Es führt dazu, dass Menschen oft 30 Minuten und mehr durch die Stadt fahren und einen Parkplatz suchen, während gleichzeitig, allein in der Innenstadt, über 2.000 Parkplätze unbelegt sind.
Das ist weder gut für die Bürger*innen dieser Stadt, noch gut für die Umwelt. Davon profitieren allein einige wenige Firmen, die den Profit aus den Parkhäusern abschöpfen.
Der Markt regelt eben nur eines, nämlich, dass die Reichen reicher und die Armen ärmer werden. Und deshalb dürfen wir nicht länger zuschauen wie einige Firmen diese Stadt in Besitz nehmen und unter sich aufteilen. Wir müssen die Stadt den Bürger*innen zurückgeben. Denn den Bürger*innen gehört diese Stadt, nicht den Firmen.
Mit der Rekommunalisierung der Parkhäuser machen wir einen Schritt in die richtige Richtung.
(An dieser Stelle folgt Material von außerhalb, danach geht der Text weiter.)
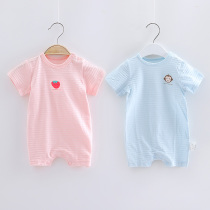 Newborn baby jumpsuit summer thin short-sleeved male and female baby ha clothes Summer Open stall climbing suit cotton gauze
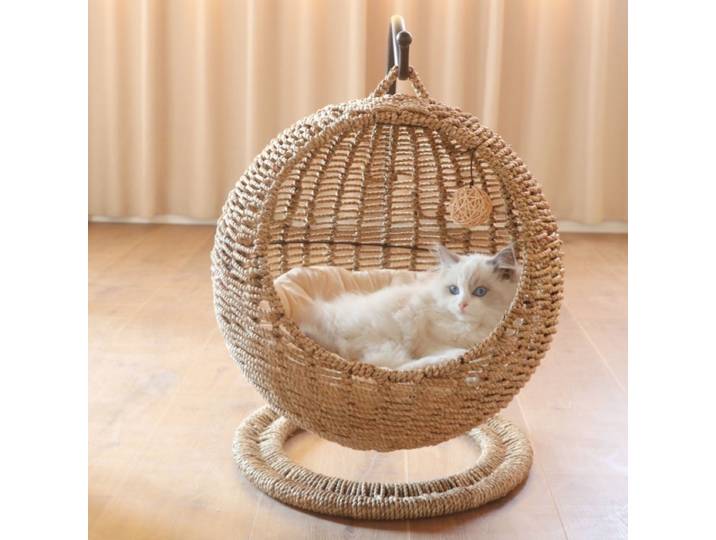 Nid de chat fait à la main, panier de lit en osier, balançoire, nid de maison pour petit chien et chat avec coussin, décoration de la maison, saison d'hiver universelle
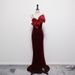Burgundy Velvet Evening Dress – Strapless Princess Ball Gown With Bow For Banquet & Hosting (XS-XXL)_ecoleips.com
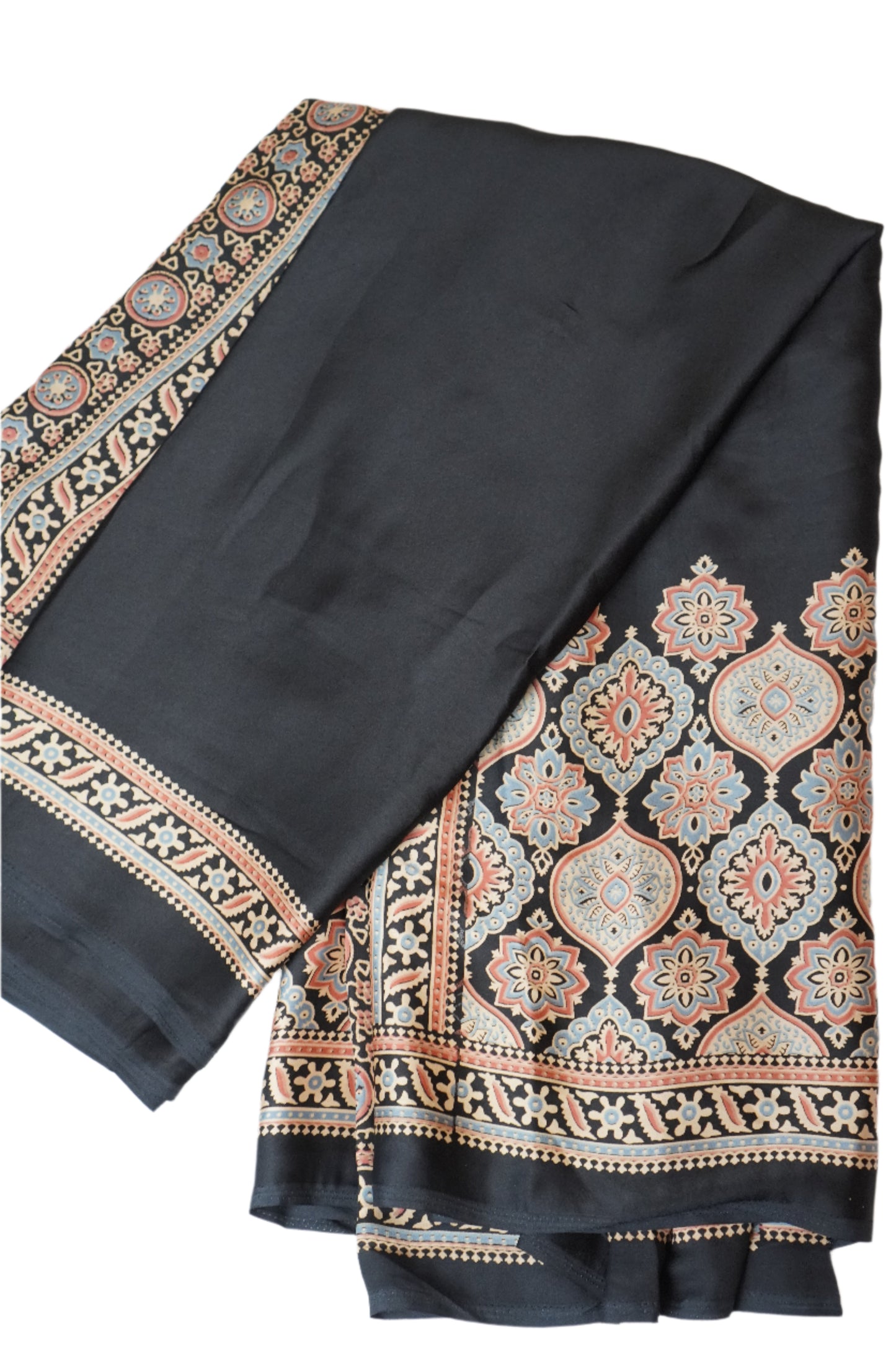 SEMI GAJJI SOFT BLACK SILK SAREE WITH AJRAKH BLOUSE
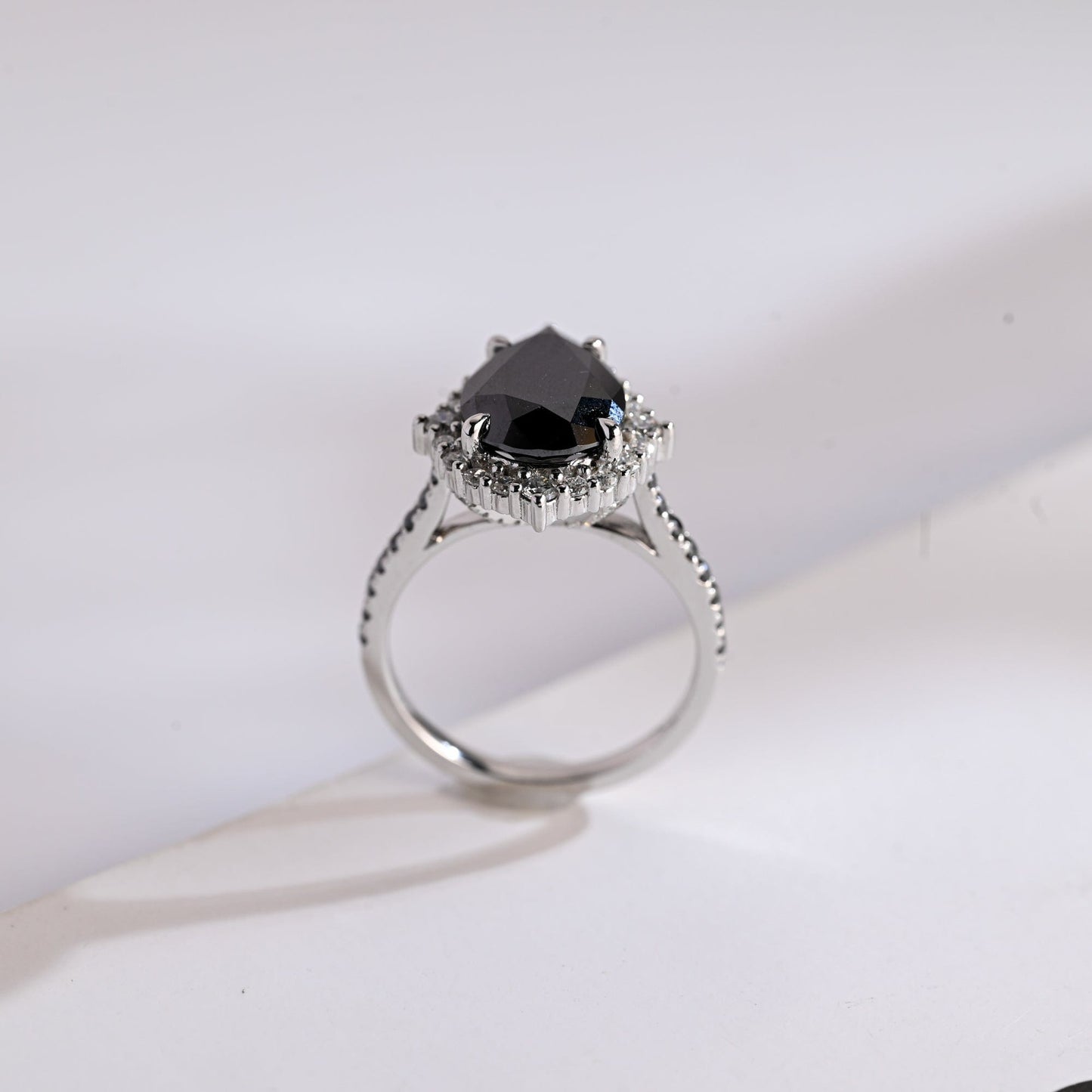 SquareJewelry pear cut moissanite engagement ring Solid Gold Vintage Black Tear Drop Pear Moissanite Engagement Ring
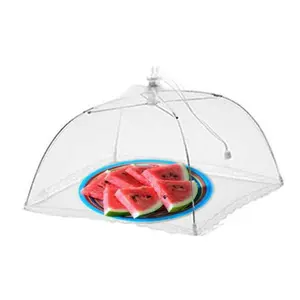 Collapsible Mesh Table Food Tent Cover, Pop-Up Large Jumbo Outdoor Umbrella with Steel Frame, 17x17 in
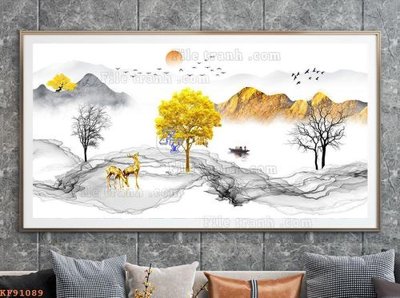 File gốc File tranh hiện đại pha lê gương KF91089 (vector) cho in ấn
Bei mir bleibt die Hoffnung, dass Rot/Grün vielleicht zukünftig auch in weiteren Fällen erkennt, dass Privatisierung ein Fehler ist. Ich jedenfalls würde mich freuen, wenn ich vor der nächsten Stadtverordnetenversammlung angerufen werde und Rot/Grün mich fragt, ob ich bereit wäre, mit einem gemeinsamen Antrag, nun auch die Horst-Schmidt-Kliniken zu rekommunalisieren. Bis zum Ende der Wahlperiode könnten wir jede Sitzung nutzen, die Fehler der Vergangenheit auszumerzen und die Stadt den Menschen zurückzugeben. Ich weiß, dass dies wahrscheinlich ein Wunsch bleiben wird. Trotzdem freue ich mich heute meinen Teil beitragen zu können und dem Antrag von SPD, Grünen, LINKEN, Piraten, Freien Wähler und der Bürgerliste zu einer Mehrheit zu verhelfen.